Further, deficit spending by government is itself a form of income
transfer from the poor, who pay the taxes necessary to service the
resulting debt from their sufficiency or insufficiency, to the wealthy,
who lend from their surplus to the government and subsequently
collect the rents therefrom.  When one considers that much
government spending is paid directly into the coffers of this same
group (the owners of defence industries, pharmaceutical
companies, large industrial sectors, transportation concerns,
resource extraction industries, financial markets, etc.) then the
situation is even more starkly revealed.

One of the most distressing things about political discussions is that
complex issues are frequently asserted by partisans to have only
one, obviously deficient, premise or viewpoint worthy of discussion.
Governments are not mandated from heaven but are complex
social organizations that gradually come into being to service the
majority of the governed; who realize from bitter experience that co-
operation provides a better payoff than competition, on average.
However, there exists within all biological collectives a residual
group who see exploitation of their own as being beneficial to
themselves, and be damned to the rest. In humans we call these
creatures psychopaths.

There is an evolutionary explanation for this, any perverse survival
strategy has worth if it is sufficiently rare.

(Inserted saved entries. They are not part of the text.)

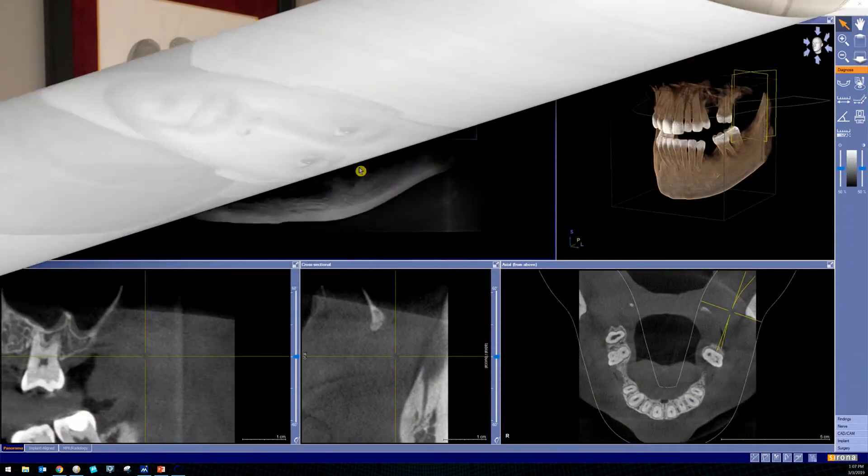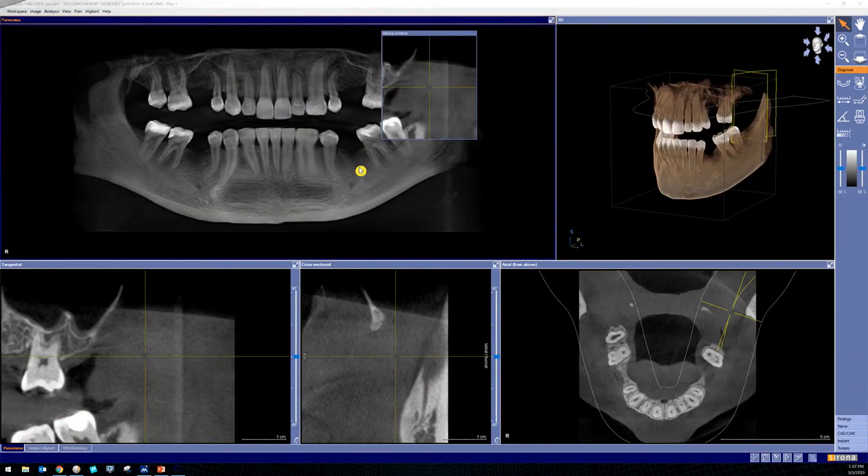Hey everybody, this is Quentin Flores with CVCTmadeeasy.com. In this video, we're going to focus on setting the panoramic curve for your 3D volume in the Galaxis Galileos implant software. Let's get started with showing you how to adjust the panoramic curve.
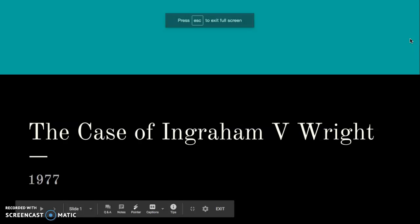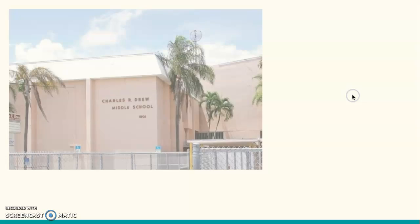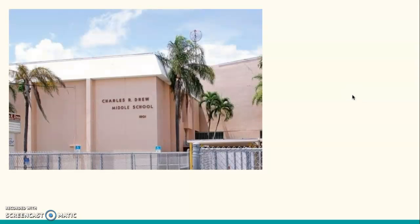The case of Ingram v. Wright was in 1977. To start off, in 1970, James Ingram, a 14-year-old student at Charles R. Drew Middle School, had broken a rule.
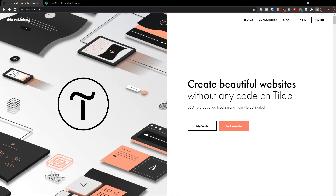Hey there guys, my name is Markus and in this video I'm going to guide you on how you can easily create an amazing website with Tilda. So let's start.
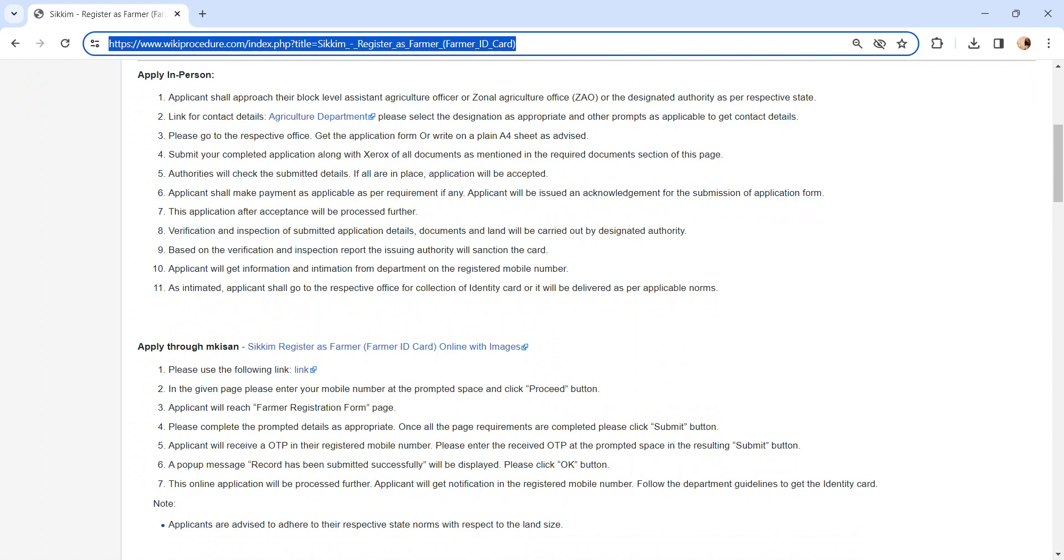As intimated, if the application is approved, you can visit the respective office for collecting the ID card or it will be delivered as per the applicable norms.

The concentration of
power, material resources, and opportunity that government
represents apparently proves to be an irresistible attractor for those
whose personal survival strategy is narrow self-interest and
exploitation.

The tendency to avoid looking directly at these unpleasant
observations and attempting to systematically deal with them
makes up a great deal of the art and artifice that we call politics, in
no small measure due to the actions of the psychopaths themselves
who employ mimicry and diversion as tactical measures to further
their own agenda.  This in not to claim that all, or even the majority,
of those that seek public office are psychopaths, but it is delusional
to believe that our present political systems select against such
creatures.

Real politics  is the art of identifying and collectively mitigating the
effects of these inherent and irreducible flaws in human nature so
that, on average, the benefits of co-operation can be realized by the
majority; and those who would have it otherwise are prevented from
exerting their baleful and malign effects over the rest of us.  This
struggle is eternal while improvements are small, infrequent, and
often transient.  Yet humans persist since the potential benefits
from even small successes are enormous.